Please answer these questions before submitting your issue.
1.18.0
go version)?1.11.2
Linux
Ran gRPC requests in production through a local Envoy sidecar. This means that all connections are to a process over a local unix socket. WaitForReady was not set to true for these calls
I'd expect it to be exceedingly rare for connections to a local unix sidecar to be in the TRANSIENT_FAILURE state, and if they were i'd expect to see a non-nil error message. We use whatever the default balancer implementation is, but we do pass in a custom dialer implementation:
envoySocketDialer := func(address string, timeout time.Duration) (net.Conn, error) {
return net.DialUnix("unix", nil, &net.UnixAddr{
Name: envoySocketPath,
Net: "unix",
})
}
options := []grpc.DialOption{
...
grpc.WithDialer(envoySocketDialer), // Override the dialer as a workaround for https://github.com/grpc/grpc-go/issues/2510
}
A small percentage (<1%) of RPCs failed with a "all SubConns are in TransientFailure, latest connection error: \
I suspect that setting WaitForReady(true) in the call options will effectively prevent this issue for me, but I'm curious if there is a way to get more information about why all SubConns would be in the failure state and wondering if there's a lurking bug because there seems to not be any connection errors
Run in to the same problem when upgrading to 1.18.0.
1.17.0 works fine.
I am currently using 1.19.0 and same issue described here was experienced. I added WaitForReady(true) to call options and worked as stated @mpuncel Ty
There definitely seems to be a bug here. I shall add this as a workaround for now and keep digging to see what I come up with.
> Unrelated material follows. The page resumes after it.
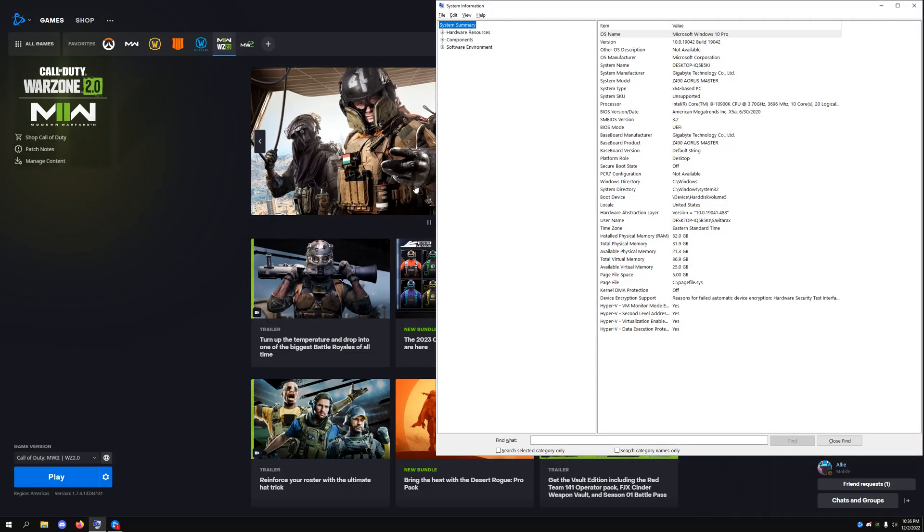Alrighty guys, this is gonna be a super quick video. Today I just wanted to go over an annoying bug that I found a fix for, which is the Modern Warfare 2 Windows version bug. Originally I'm on a custom Windows ISO.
Thanks for reporting. This is indeed a bug.
I suspect we either set the SubConn in TransientFailure when it isn't, or we forgot to set the connection. Anyway, IMO the last connection error shouldn't be nil here.
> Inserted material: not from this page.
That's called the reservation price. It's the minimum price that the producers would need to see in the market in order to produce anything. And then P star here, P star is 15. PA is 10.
Is there any other logs that you got to tell whether there's an actual error (like connection broken) when this happens?
Also, it could be related to https://github.com/grpc/grpc-go/pull/2565 (see https://github.com/grpc/grpc-go/issues/2406 for more information).
Can you try setting GRPC_GO_REQUIRE_HANDSHAKE=off and see if that changes anything?
2019/03/01 14:17:38 http2: Framer 0xc4206b7260: wrote HEADERS flags=END_HEADERS stream=1 len=107
2019/03/01 14:17:38 http2: Framer 0xc4206b7260: wrote DATA flags=END_STREAM stream=1 len=1285 data="\x00\x00\x00\x05\x00\t\xbb'\x0f\v\xb5v:@\x11\r\xe0-\x90\xa0\x04T\xc0\x18\x012\n\b(\x12\x06\b\xb1\xa3\xdd\xe3\x052\n\br\x12\x06\b\x84\xcd\xe3\xe2\x052\v\b\xb0\x01\x12\x06\b\xa7ڵ\xe1\x052\v\b\xd5\f\x12\x06\b\x96\x8b\xed\xe2\x052\v\b\xd8 \x12\x06\b\xbd\x95\xdd\xe3\x052\v\b\xa1-\x12\x06\b\xa7\xa5\xdc\xe3\x052\v\b\xf6>\x12\x06\b\x96\x8b\xed\xe2\x052\n\b\x0f\x12\x06\b\x96\x8b\xed\xe2\x052\n\b\x12\x12\x06\b\x9b\xc0\xc9\xe2\x052\v\b\x8c\x01\x12\x06\b\xa3\xa9\xd1\xe0\x052\v\b\xc7\x01\x12\x06\b\xda\xd1\xdb\xe3\x052\v\b\xff\x02\x12\x06\bރ\x93\xe3\x052\v\b\x99\x1c\x12\x06\b\xb0\x89\xdc\xe3\x052\v\b\xb8#\x12\x06\b\x96\x8b\xed\xe2\x052\v\b\xc8,\x12\x06\b\xa7\xbe\xd2\xe3\x052\v\b\xf04\x12\x06\b\xb5\xe5\xd2\xe2\x052\v\b\xf6\x01\x12\x06\b\xe8\xa9\xd6\xe1\x052\v\b\xf9\x01\x12\x06\b\xbd\xe7\xb6\xe3\x052" (1029 bytes omitted)
INFO: 2019/03/01 14:17:38 pickfirstBalancer: HandleSubConnStateChange: 0xc4203ccee0, TRANSIENT_FAILURE
INFO: 2019/03/01 14:17:38 transport: loopyWriter.run returning. connection error: desc = "transport is closing"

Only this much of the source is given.